**Required action**
Entries below include pictures. Output exactly the lines from the one with "Tapis en pièces CREATIVE 47" down to the one with "detour-3-cliff-and-co", both ends included, and leave the pictures out.

(Records Opens)

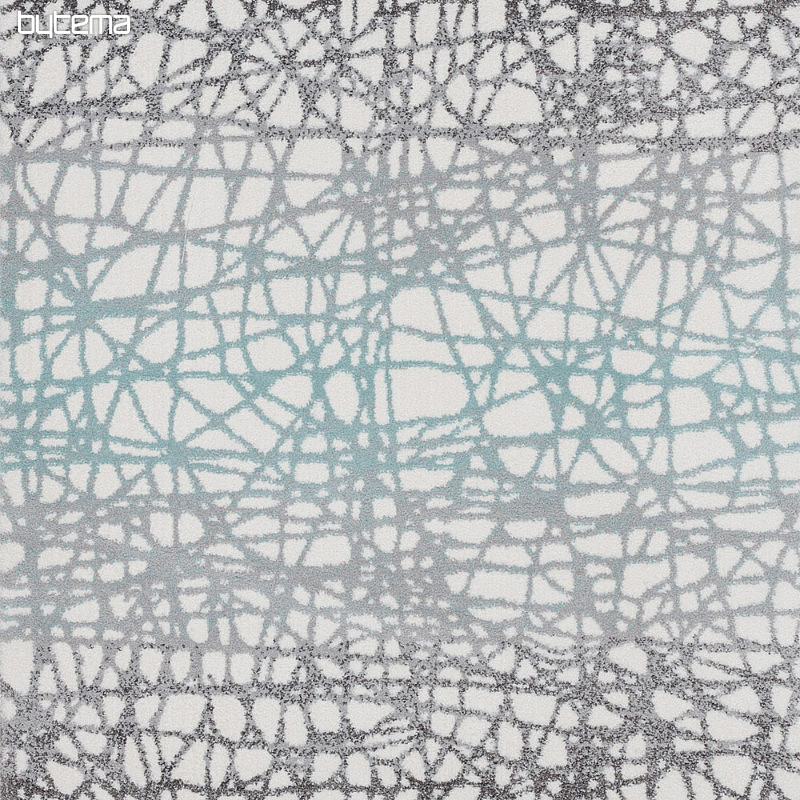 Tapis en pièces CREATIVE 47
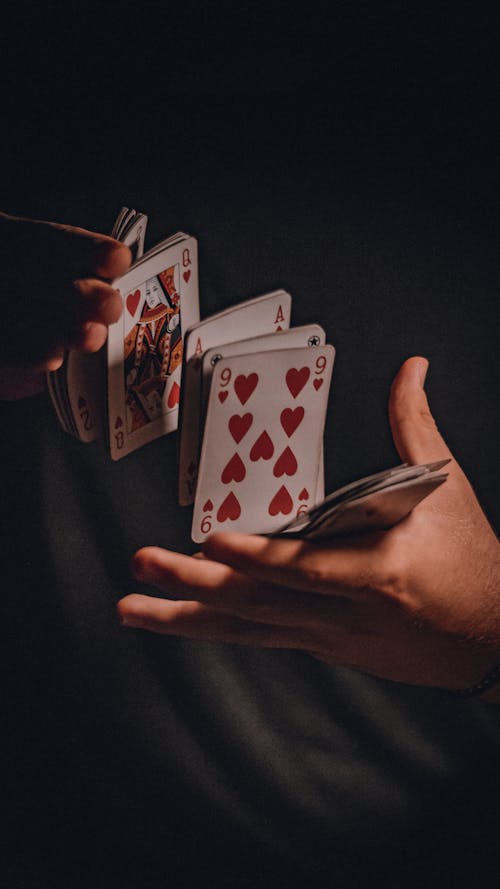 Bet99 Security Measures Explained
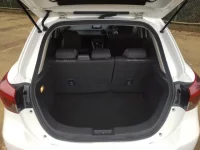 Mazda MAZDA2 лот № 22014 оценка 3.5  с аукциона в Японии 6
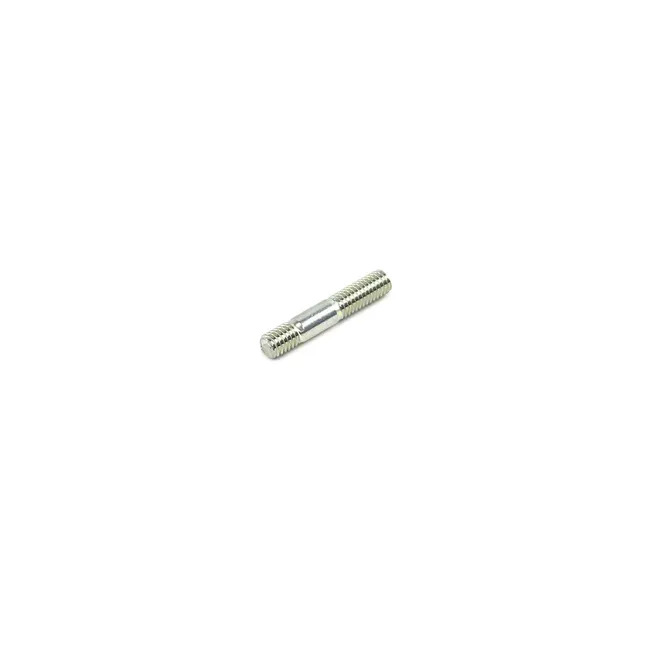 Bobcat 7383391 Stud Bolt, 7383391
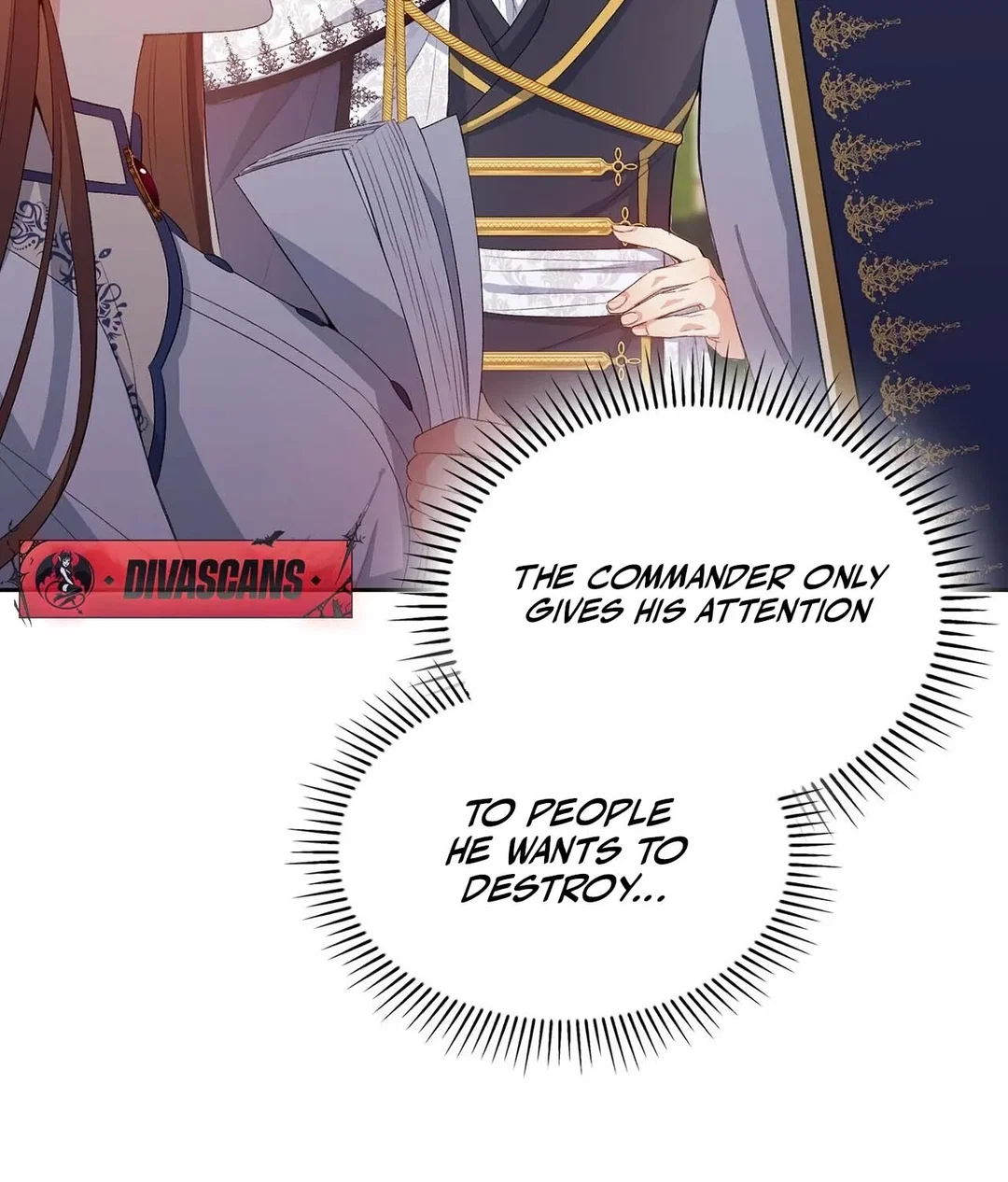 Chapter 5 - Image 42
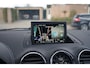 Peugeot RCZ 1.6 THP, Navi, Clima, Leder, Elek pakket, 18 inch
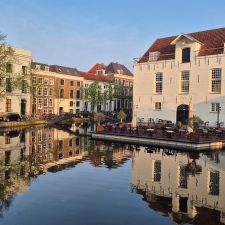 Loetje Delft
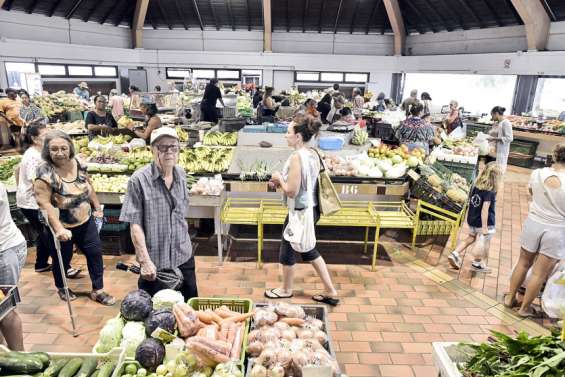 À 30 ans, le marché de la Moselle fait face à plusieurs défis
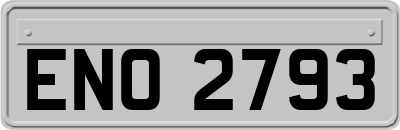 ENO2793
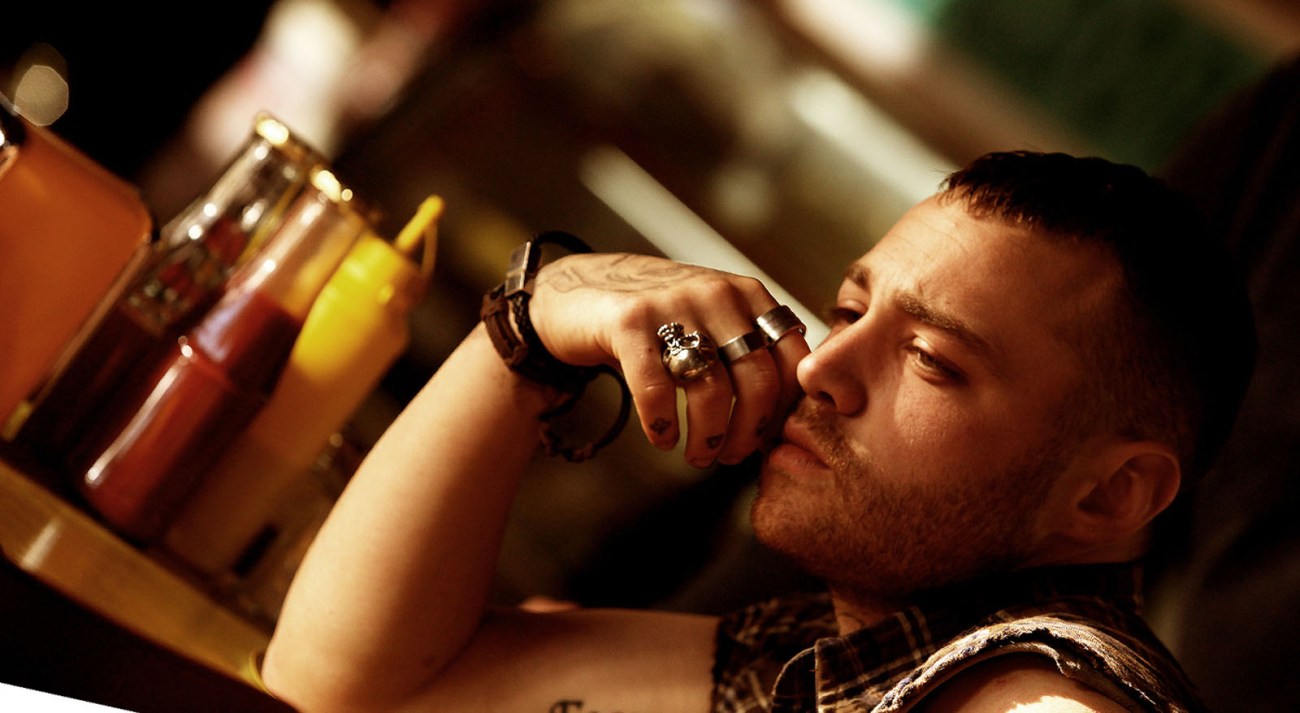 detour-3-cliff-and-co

(Records Closes)
(Records Opens)

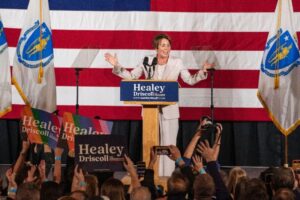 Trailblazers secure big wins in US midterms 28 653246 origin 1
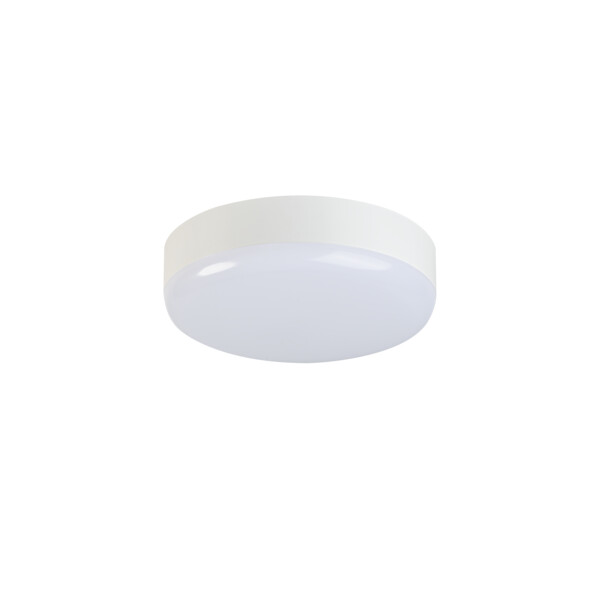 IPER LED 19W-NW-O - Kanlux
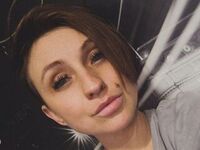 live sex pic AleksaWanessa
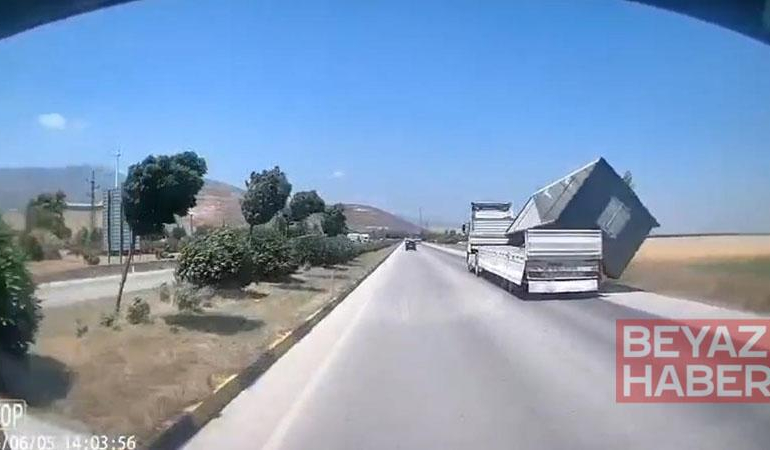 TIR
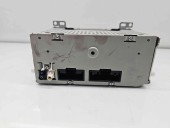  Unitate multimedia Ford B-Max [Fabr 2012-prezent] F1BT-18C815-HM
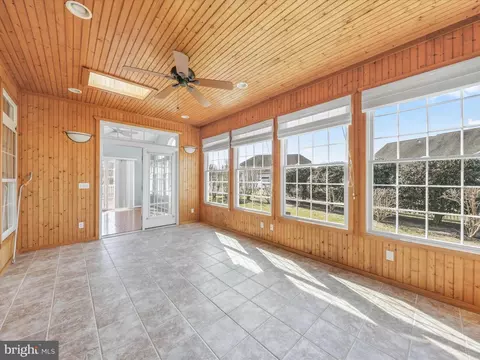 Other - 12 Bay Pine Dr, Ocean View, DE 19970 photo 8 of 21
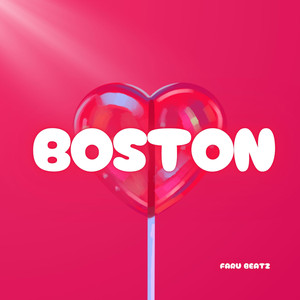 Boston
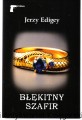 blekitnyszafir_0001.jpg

(Records Closes)

**Expected answer**
 Tapis en pièces CREATIVE 47
 Bet99 Security Measures Explained
 Mazda MAZDA2 лот № 22014 оценка 3.5  с аукциона в Японии 6
 Bobcat 7383391 Stud Bolt, 7383391
 Chapter 5 - Image 42
 Peugeot RCZ 1.6 THP, Navi, Clima, Leder, Elek pakket, 18 inch
 Loetje Delft
 À 30 ans, le marché de la Moselle fait face à plusieurs défis
 ENO2793
 detour-3-cliff-and-co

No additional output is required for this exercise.